Sono attenzioni che si tende a sottovalutare ma contribuiscono alla soddisfazione di chi partecipa a questo tipo di eventi e più in generale denotano un certo livello di organizzazione e di cura.
All’evento ho potuto ritrovare diversi praticanti, vecchi e nuovi compagni di tatami provenienti da Italia, Slovenia, Croazia e chi più ne ha più ne metta.
Fra gli amici ritrovati faccio una menzione d’onore agli altri due folli con i quali condivido questo progetto, sperando che in un prossimo futuro si possa riuscire a coinvolgere attivamente sempre più persone.
La pratica è stata un piacevole crescendo di intensità da sabato a domenica ed è stata molto variegata e godibile, nonostante io fossi arrivato al seminario con qualche problemino ad una spalla, alla quale ultimamente non ho concesso, tra lezioni e seminari, un po’ di necessario riposo.

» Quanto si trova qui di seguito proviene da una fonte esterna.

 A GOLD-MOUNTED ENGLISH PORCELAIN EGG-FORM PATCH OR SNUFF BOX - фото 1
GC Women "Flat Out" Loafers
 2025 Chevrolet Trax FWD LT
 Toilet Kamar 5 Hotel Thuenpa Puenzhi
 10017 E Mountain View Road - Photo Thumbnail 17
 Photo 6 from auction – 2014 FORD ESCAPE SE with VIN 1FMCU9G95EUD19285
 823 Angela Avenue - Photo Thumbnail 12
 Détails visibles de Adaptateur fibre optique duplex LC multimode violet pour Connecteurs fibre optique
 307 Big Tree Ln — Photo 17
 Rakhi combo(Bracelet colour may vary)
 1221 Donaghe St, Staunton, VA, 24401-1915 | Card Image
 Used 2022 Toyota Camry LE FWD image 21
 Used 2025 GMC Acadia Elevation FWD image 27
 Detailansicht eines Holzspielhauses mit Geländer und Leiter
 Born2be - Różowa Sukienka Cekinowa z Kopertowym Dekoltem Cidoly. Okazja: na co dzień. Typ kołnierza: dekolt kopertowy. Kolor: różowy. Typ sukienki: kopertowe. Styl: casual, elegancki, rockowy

Per l’appunto uno dei temi che mi sono portato a casa da questo seminario è il concetto di pausa.
In musica la pausa fa parte dello spartito ed ha una precisa durata esattamente come le note suonate, senza non si potrebbe avere il ritmo e quindi sarebbe impossibile creare la melodia.
Nel teatro i silenzi sono fondamentali tanto quanto le battute scritte e molto più difficili da recitare, penso all’incisività delle pause nel teatro di Eduardo de Filippo, a quei silenzi sostenuti da occhi profondi e guance incavate, in grado di creare un pathos ed una drammaticità che mille parole non basterebbero.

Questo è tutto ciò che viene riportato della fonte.